-- Materials provided follows --

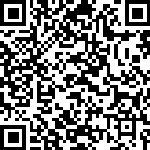 QR Producto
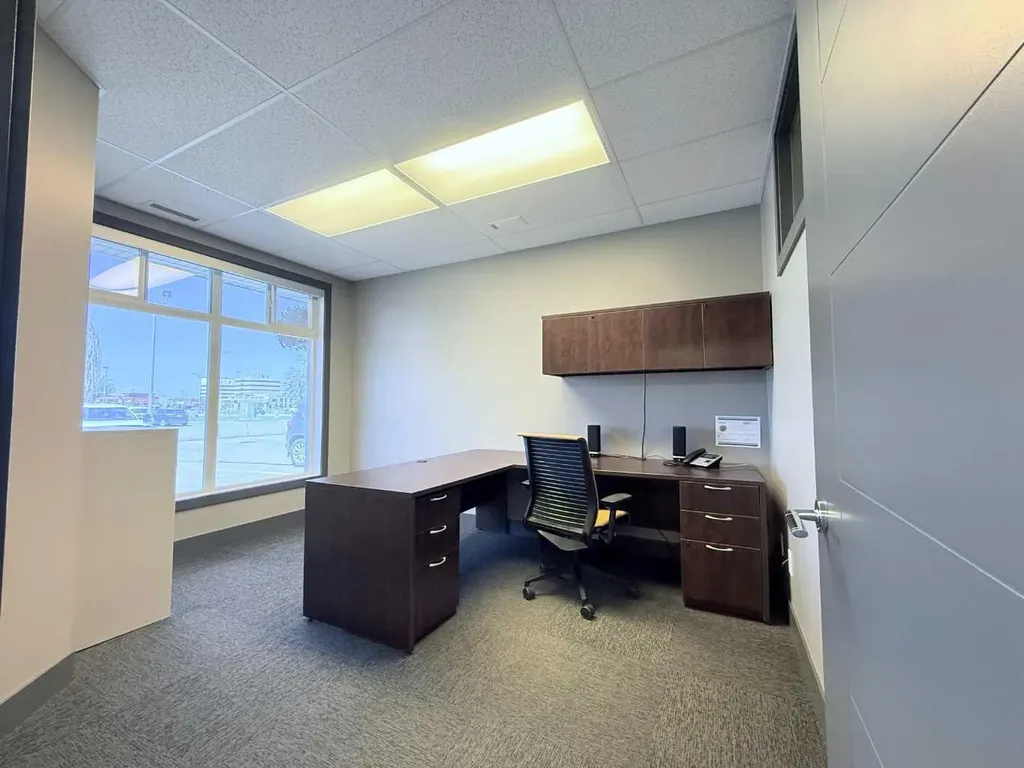 9814 97 Street Grande Prairie AB T8W 2G7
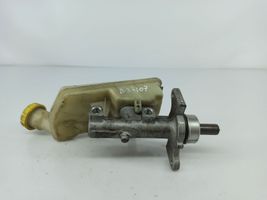 Citroen C2 Główny cylinder sprzęgła 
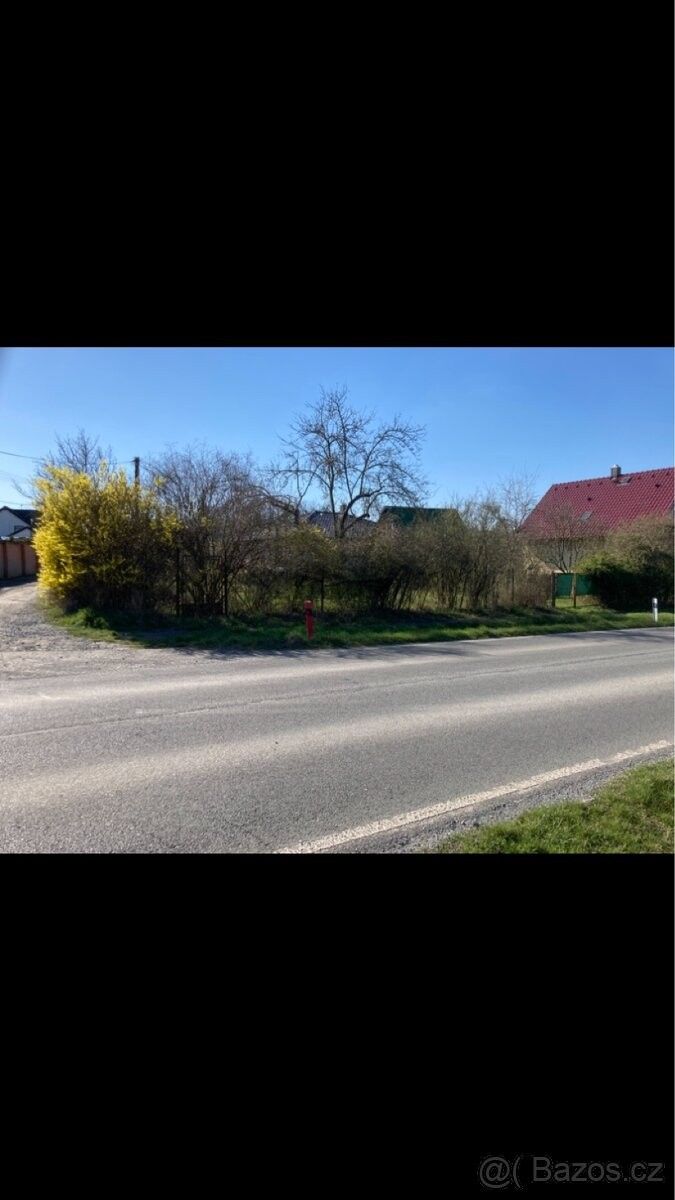 Pronájem ostatní - Plzeň, 301 00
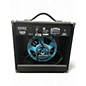Used GAMMA g25 Guitar Combo Amp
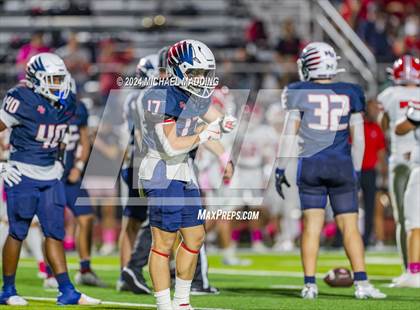 Thumbnail 3 in Bridge City @ Hardin-Jefferson photogallery.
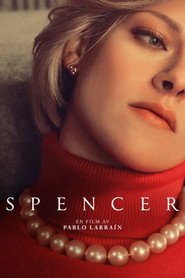 Spencer (2021)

-- Materials provided concluded --

* Exercise goal *
Please, without any pictures, print each entry exactly.

* Task solution *
 QR Producto
 9814 97 Street Grande Prairie AB T8W 2G7
 Citroen C2 Główny cylinder sprzęgła 
 Pronájem ostatní - Plzeň, 301 00
Used GAMMA g25 Guitar Combo Amp
 Thumbnail 3 in Bridge City @ Hardin-Jefferson photogallery.
 Spencer (2021)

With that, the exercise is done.